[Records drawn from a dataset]
[Start of section]

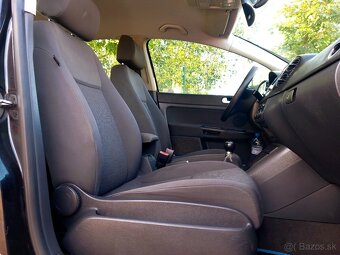 VOLKSWAGEN GOLF PLUS 1.9TDI 77KW TOP STAV. - 8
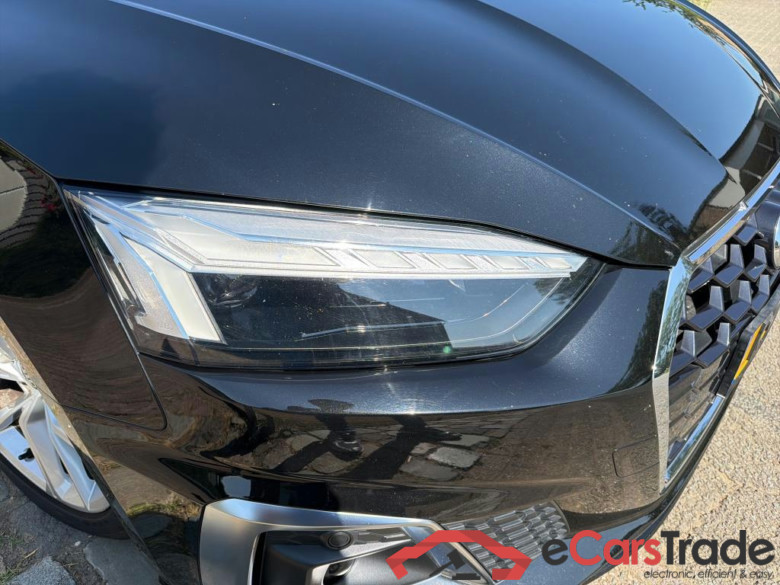 AUDI A5 Sportback 110 kW #4
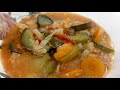 Обалденно вкусный салат с огурцами на зиму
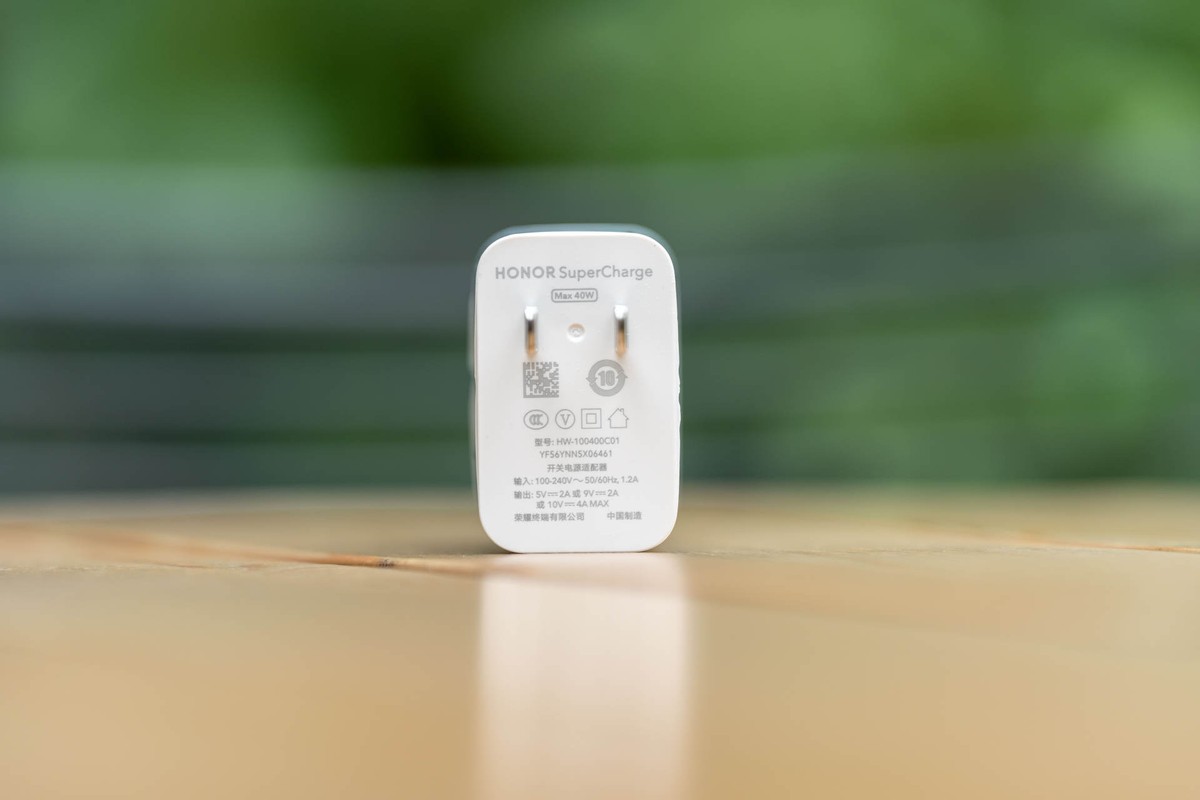 荣耀X40续航能力,荣耀x40续航深度测试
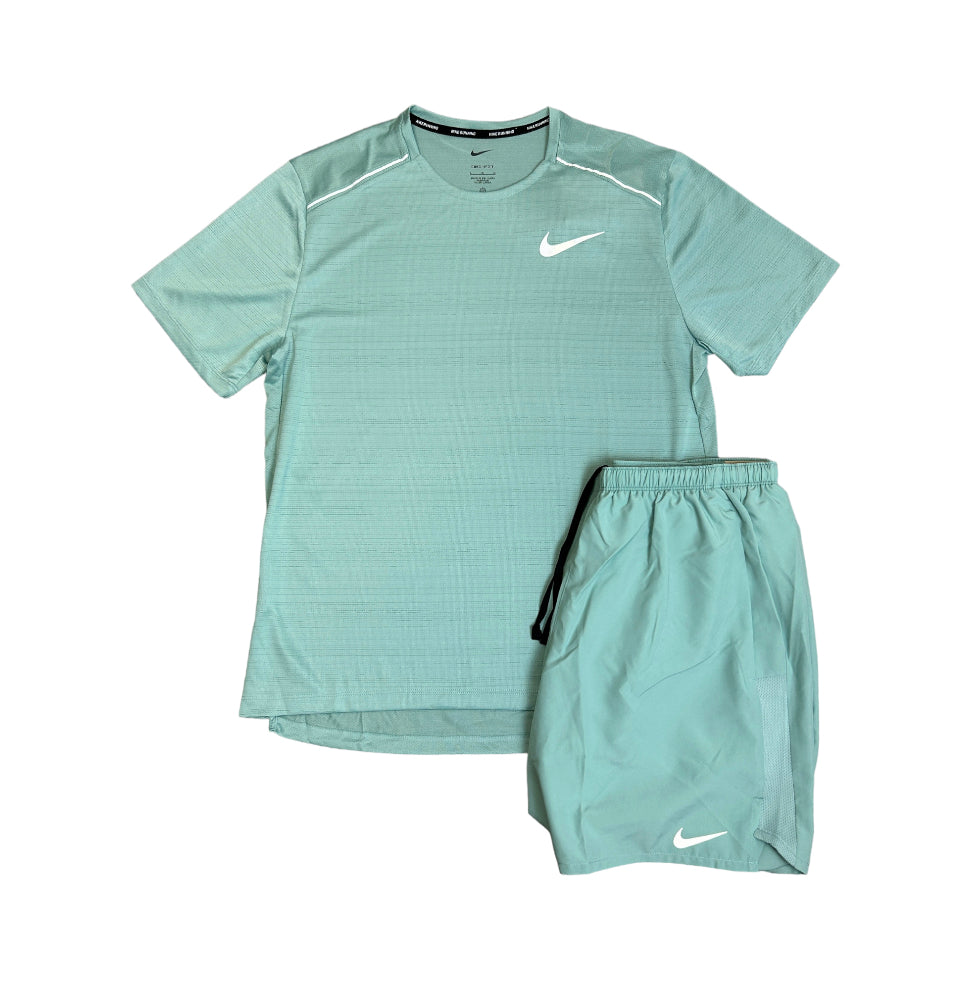 Nike “Mineral” Miler 1.0 Set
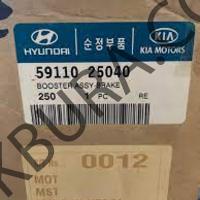 Hyundai Accent 2000-2005 Fren Westinghause (Mobis) 59110-25040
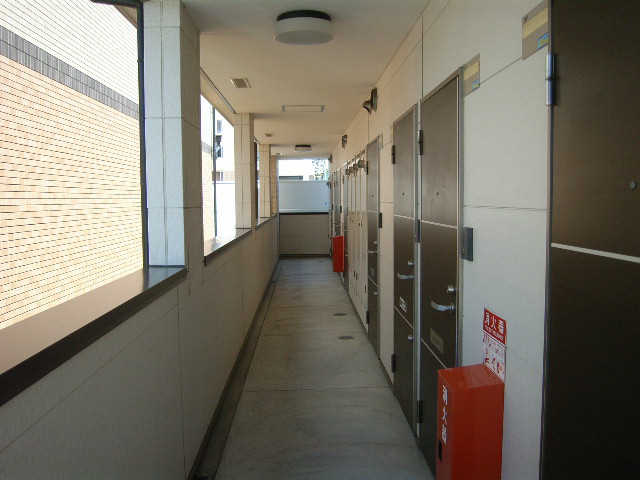 Other common areas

[End of section]

■ EXERCISE DETAILS
Print exactly, and print only, the lines from the line with "Обалденно вкусный салат с огурцами на зиму" through the last line of the entries, both ends included. No pictures belong in the result.

■ SOLUTION FOR THIS PROBLEM
 Обалденно вкусный салат с огурцами на зиму
 荣耀X40续航能力,荣耀x40续航深度测试
 Nike “Mineral” Miler 1.0 Set
 Hyundai Accent 2000-2005 Fren Westinghause (Mobis) 59110-25040
 Other common areas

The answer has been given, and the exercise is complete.